*** Begin section ***

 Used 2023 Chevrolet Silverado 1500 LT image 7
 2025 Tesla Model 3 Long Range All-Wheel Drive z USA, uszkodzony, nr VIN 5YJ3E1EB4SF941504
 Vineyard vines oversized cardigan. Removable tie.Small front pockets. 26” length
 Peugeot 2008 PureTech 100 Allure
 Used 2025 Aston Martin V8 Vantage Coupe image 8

*** End section ***

Copy out the lines starting at the one containing "Vineyard vines oversized" and ending with the last line of the entries. Include nothing else.

_EXPECTED ANSWER:_
 Vineyard vines oversized cardigan. Removable tie.Small front pockets. 26” length
 Peugeot 2008 PureTech 100 Allure
 Used 2025 Aston Martin V8 Vantage Coupe image 8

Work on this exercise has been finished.